Finance BA 341 Question. Help finding correct answer please.?

Posted at: 2014-12-05 
If interest rates rise, bond values decline. That immediately eliminates 2 and 3. Now take a $1,000, 5% 4-year bond and discount it at 6%. You'll get a value of about $965. Do the same for a 10 year bond. If you get a value less than $965 the answer is 4. If the longer-term bond is more than $965 the answer is 1

.A bond consists of two promises. It promises to pay $1,000 on the maturity date, and it promises to pay periodic interest. The interest payments are determined by the coupon rate. If the coupon rate of interest is more than the market rate, the bond will sell at a premium because it is more attractive than the rate available in the market. So it's price will be bid up. The bidding will stop when its yield to maturity equals the market interest rate. If the coupon rate is less than the market rate, the bond will sell at a discount.

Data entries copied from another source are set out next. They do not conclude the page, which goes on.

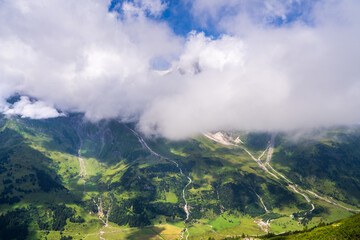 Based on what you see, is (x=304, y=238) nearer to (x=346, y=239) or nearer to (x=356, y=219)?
(x=346, y=239)

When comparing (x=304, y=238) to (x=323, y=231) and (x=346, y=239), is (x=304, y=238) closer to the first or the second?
(x=323, y=231)

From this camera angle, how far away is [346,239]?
6452 inches

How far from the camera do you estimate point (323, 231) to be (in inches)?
7475

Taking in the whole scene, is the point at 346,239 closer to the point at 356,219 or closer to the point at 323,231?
the point at 323,231

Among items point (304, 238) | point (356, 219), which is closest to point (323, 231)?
point (304, 238)

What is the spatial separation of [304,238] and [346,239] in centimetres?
3191

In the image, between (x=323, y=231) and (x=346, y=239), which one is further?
(x=323, y=231)

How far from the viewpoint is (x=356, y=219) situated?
632 feet

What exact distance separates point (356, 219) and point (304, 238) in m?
51.7

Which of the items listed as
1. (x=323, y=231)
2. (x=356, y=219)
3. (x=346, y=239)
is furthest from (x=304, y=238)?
(x=356, y=219)

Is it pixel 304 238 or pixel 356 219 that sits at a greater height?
pixel 356 219

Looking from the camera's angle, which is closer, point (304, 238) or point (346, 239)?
point (346, 239)

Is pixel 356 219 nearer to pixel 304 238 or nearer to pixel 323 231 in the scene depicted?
pixel 323 231

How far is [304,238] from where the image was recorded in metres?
187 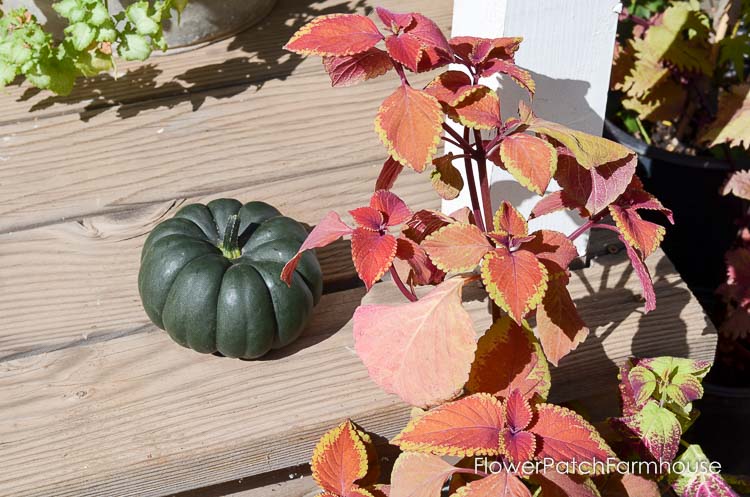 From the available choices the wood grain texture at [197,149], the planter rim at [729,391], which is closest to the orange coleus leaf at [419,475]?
the wood grain texture at [197,149]

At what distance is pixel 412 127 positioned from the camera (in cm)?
85

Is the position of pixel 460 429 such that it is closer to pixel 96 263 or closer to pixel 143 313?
pixel 143 313

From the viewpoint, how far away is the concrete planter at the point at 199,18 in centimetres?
163

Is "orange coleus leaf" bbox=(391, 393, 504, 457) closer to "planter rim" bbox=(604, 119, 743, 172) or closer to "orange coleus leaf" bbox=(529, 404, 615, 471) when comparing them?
"orange coleus leaf" bbox=(529, 404, 615, 471)

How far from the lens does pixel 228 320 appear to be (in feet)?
3.78

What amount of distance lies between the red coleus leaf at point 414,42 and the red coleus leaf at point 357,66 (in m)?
0.03

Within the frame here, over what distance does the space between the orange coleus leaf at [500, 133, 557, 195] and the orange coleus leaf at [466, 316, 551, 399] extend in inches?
9.3

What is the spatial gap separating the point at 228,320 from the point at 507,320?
1.32 feet

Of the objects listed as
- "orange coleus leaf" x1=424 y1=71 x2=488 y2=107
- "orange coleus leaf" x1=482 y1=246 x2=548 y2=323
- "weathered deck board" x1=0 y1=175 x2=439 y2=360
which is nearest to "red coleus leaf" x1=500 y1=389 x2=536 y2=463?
"orange coleus leaf" x1=482 y1=246 x2=548 y2=323

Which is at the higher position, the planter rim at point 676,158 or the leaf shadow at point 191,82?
the leaf shadow at point 191,82

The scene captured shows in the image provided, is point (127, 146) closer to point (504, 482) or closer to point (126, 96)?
point (126, 96)

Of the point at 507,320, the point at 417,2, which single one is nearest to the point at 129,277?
the point at 507,320

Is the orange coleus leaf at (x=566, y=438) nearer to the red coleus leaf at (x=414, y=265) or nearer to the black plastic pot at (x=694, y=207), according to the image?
the red coleus leaf at (x=414, y=265)

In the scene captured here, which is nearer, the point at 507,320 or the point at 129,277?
the point at 507,320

By discounting the two future cash flows to the present using the market interest rate, you can find the present value of the bond, the price at which it will sell. In a diagram you have

PV - - - PMT - - - PMT - - - - - - PMT - - - PMT + $1,000

PMT is the interest payment calculated from the coupon rate. The number of payments is determined by the life of the bond. So you have variables whose values are known and you can solve for any unknown variable when you know the others. The simplest way is using a financial calculator. The variables are

Maturity value - $1,000 face value per bond

Coupon rate - determines size of PMT

PMT = periodic interest = Face value * coupon rate * time

Number of periods is usually semiannual, sometimes annual

Market rate: Used to discount future cash flows

PV = present value of the future cash flows

A financial calculator discounts the two future cash flows simultaneously. Or you can make two separate present value calculations and add the results to find the present value of the bond.

A bond's coupon rate is fixed and does not change during the life of the bond. But market interest changes in reaction to a variety of economic conditions. So if a bond has a 5% coupon rate, and investors can now earn only 4% in the market, the 5% bond will be very attractive. Investors will all want it so they will bid for it and its price will go up. That is, when market interest rates fall below the bond's coupon rate the price of the bond will increase.

The opposite is true if market interest rates go up. The price of the bond will go down. If investors can earn 6% interest why should they buy a bond that pays only 5%. They will buy it only if the price is low enough to yield 6%. So bond prices move in opposite directions from interest rate.

bond values drop as rates rise. #2 and #3 are wrong.

If market interest rates rise:



1) short-term bonds will decline in value more than long-term bonds.



2) short-term bonds will rise in value more than long-term bonds.



3) long-term bonds will rise in value more than short-term bonds.



4) long-term bonds will decline in value more than short-term bonds.